Rédigé le Vendredi 26 Février 2021 à 08:46 | Lu 106 commentaire(s)


Alléger, voire annuler la dette, comme le prône Macky Sall, ou flécher les capitaux vers les entreprises du continent, solution privilégiée par l’ancien patron franco-ivoirien de Credit Suisse ?


COMMENT TROUVER L'ARGENT DE L'ÉMERGENCE AFRICAINE

Alléger, voire annuler la dette, comme le prône le président sénégalais, ou flécher les capitaux vers les entreprises du continent, solution privilégiée par l’ancien patron franco-ivoirien de Credit Suisse ? Le débat sur la relance est ouvert.

« Il faut alléger notre dette », répète le président sénégalais Macky Sall. « Il faut porter les efforts sur la mobilisation interne en faveur de des entreprises africaines », lui répond en écho Tidjane Thiam, financier international. « Il faut mobiliser les recettes nationales », complète Abebe Aemro Sélassié, directeur Afrique du Fonds monétaire international (FMI).

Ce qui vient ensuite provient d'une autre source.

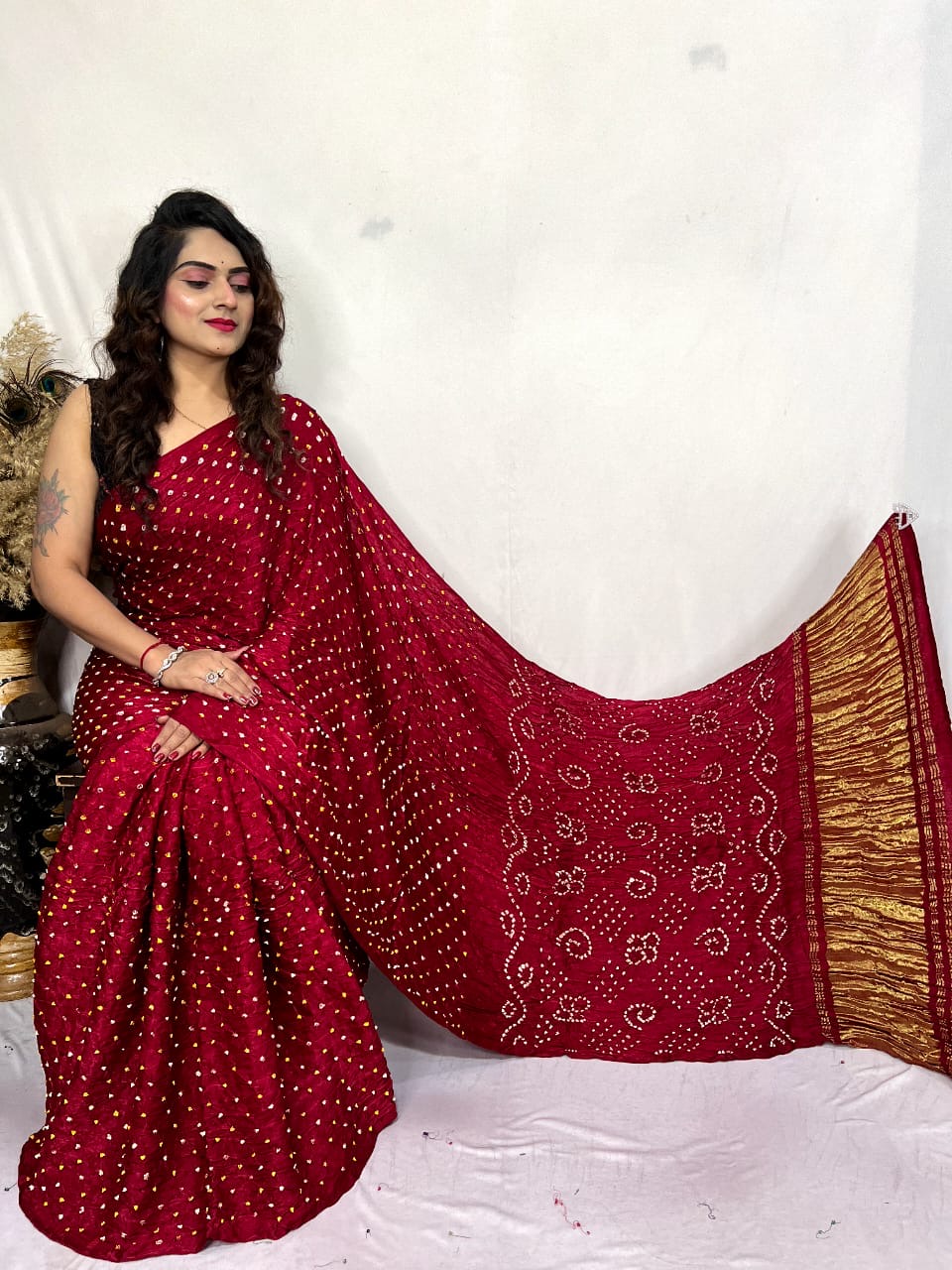 Modal Silk Heavy Bandhej Work Bandhani Saree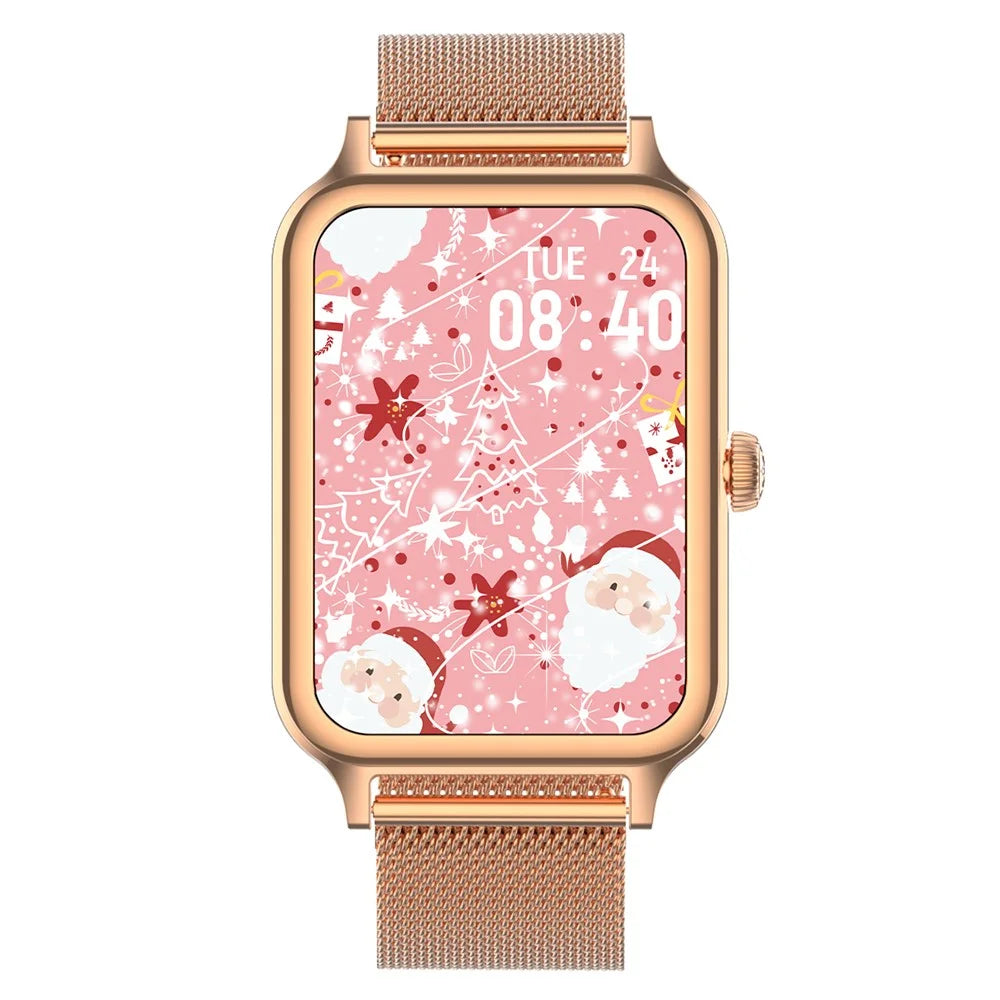 DTV1 1.74 inch AMOLED Display Smart Watch Bluetooth-compatible Call Fitness Tracker Smartwatch with Steel  /  Silicone Strap - Gold - 4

Cette polyphonie financière s’est clairement fait entendre lors du 20e Forum économique international sur l’Afrique coorganisé le 22 février par le Centre de développement de l’OCDE, l’Union africaine et le Sénégal, afin de trouver les moyens d’investir « pour une relance durable en Afrique ».

Ces trois réponses – en partie contradictoires, en partie complémentaires – entendent trouver l’argent qui manque tellement pour faire face en même temps à la crise sanitaire et à la crise économique majeure que le coronavirus a provoquées sur le continent. Elles se dégagent de la quinzaine d’interventions qui ont mobilisé quelque 600 vidéo-spectateurs passionnés par cet enjeu.

Moratoire et droits de tirage spéciaux insuffisants, pour Macky Sall

Avec Macky Sall, c’est la grosse artillerie. À cause de leurs efforts pour combattre l’épidémie tout en protégeant le niveau de vie de leurs populations, les gouvernements africains n’ont plus l’argent qu’il faudrait pour relancer la machine économique de leurs pays en s’appuyant sur le numérique, l’énergie ou le tourisme, déplore-t-il.

La suspension des charges de la dette  décidé par le G20 jusqu’en juin 2021, voire jusqu’à fin de 2021 ? Quelques milliards de dollars ou d’euros. La création de droits de tirage spéciaux (DTS)  du FMI ? 18 milliards de dollars pour l’Afrique subsaharienne, c’est-à-dire un renfort à peine plus important.

Restent les 365 milliards de dollars de la dette africaine. Un fardeau colossal, mais à peine 2 % de la dette planétaire, selon le président sénégalais. « Nos pays plaident pour un allègement conséquent de cette dette », en conclut-il.

Tidjane Thiam pour des « champions domestiques »

À la différence de Macky Sall, Tidjane Thiam et Abebe Aemro Sélassié ne croient pas que les milliards nécessaires dépendent seulement de la bonne volonté internationale.

Ancien patron de Prudential et de Credit Suisse, aujourd’hui créateur d’un fonds d’investissement,  Tidjane Thiam insiste sur la nécessité d’un volontarisme africain. Séduire les capitaux étrangers sans lesquels l’Afrique restera à l’écart des chaînes de création de valeur suppose qu’elle se mobilise pour ses entreprises.